Visite de l'agence de cyclo-randonnée locale.

Le récit d'Emmanuelle

Je décide de ne pas rester à la ferme, préférant rouler et découvrir les charmes de l'Italie du Sud. Le matin du 2 novembre, je quitte Oria en compagnie d'Eugen, venu récupérer son fameux paquet "encombrant". Nous commençons par longer le golfe de Tarente, la route suit l'autoroute, c'est plat et ennuyeux... A Metaponto, on saute sur l'occasion de bifurquer à l'intérieur des terres, notre objectif est de traverser la Basilicate pour rejoindre la Mer Tyrrhénienne. Les paysages vallonnés de cette région sont sauvages et bucoliques à souhait. Petites villes médiévales haut perchées sur leurs promontoires, vastes forêts parées de leurs couleurs d'automne, rivières et profondes vallées, ici le regard est enchanté.

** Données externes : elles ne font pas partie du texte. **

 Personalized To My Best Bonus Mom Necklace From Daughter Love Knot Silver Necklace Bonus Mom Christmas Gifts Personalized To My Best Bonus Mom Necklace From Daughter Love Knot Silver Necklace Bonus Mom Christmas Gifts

Eugen est un agréable compagnon de route, il s'adapte à mon rythme, on s'entend bien, j'en apprends plus sur sa vie. Parvenus à Maratea, petit port sur la côte tyrrhénienne, nous nous quittons avec beaucoup d'émotion. En effet, il poursuit sa route au sud pour aller en Sicile tandis que je roule encore jusqu'à Sapri et saute dans le train pour Salerne. Il pleut à verse, je suis bien contente de ne pas être sur mon vélo.

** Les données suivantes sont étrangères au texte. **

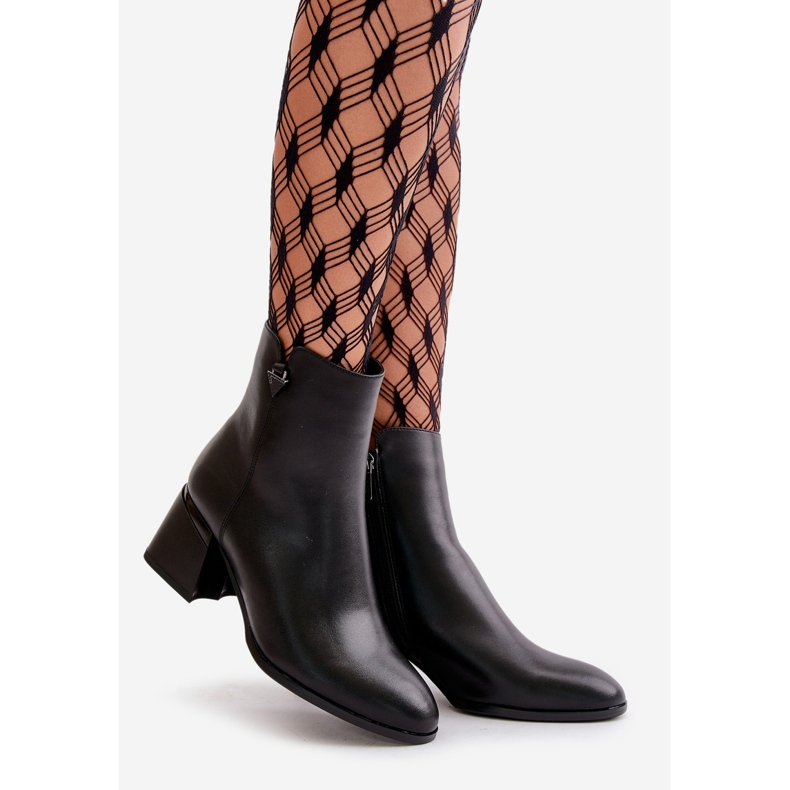 Elegant Insulated Women's Ankle Boots Made of Natural Leather Black Vinceza 77106 1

Un camping-plage sur la côte du golfe de Tarante
Et une nuit dans le vestiaire du stade de foot de Pisticci.
Il faut savoir varier les plaisirs
La Basilicate dans toute sa splendeur
Maratea
Je me remets en selle le lendemain pour rouler le long de la côte amalfitaine. C'est une journée magnifique, le soleil est revenu et la route côtière est un régal, malgré le trafic dense et les nombreux cars qui coupent les virages. Les paysages de carte postale s'enchaînent, je traverse une dizaine de petits villages accrochés aux parois de la montagne et plongeant vertigineusement dans la mer. Malgré le fait que nous soyons en novembre, un nombre impressionnant de touristes se pressent encore dans les petites ruelles étroites. Sur la route je ne compte plus les vélos de course qui me dépassent. Purs-sangs du cyclisme, ils me snobent bien, moi le gros percheron se traînant dans les montées.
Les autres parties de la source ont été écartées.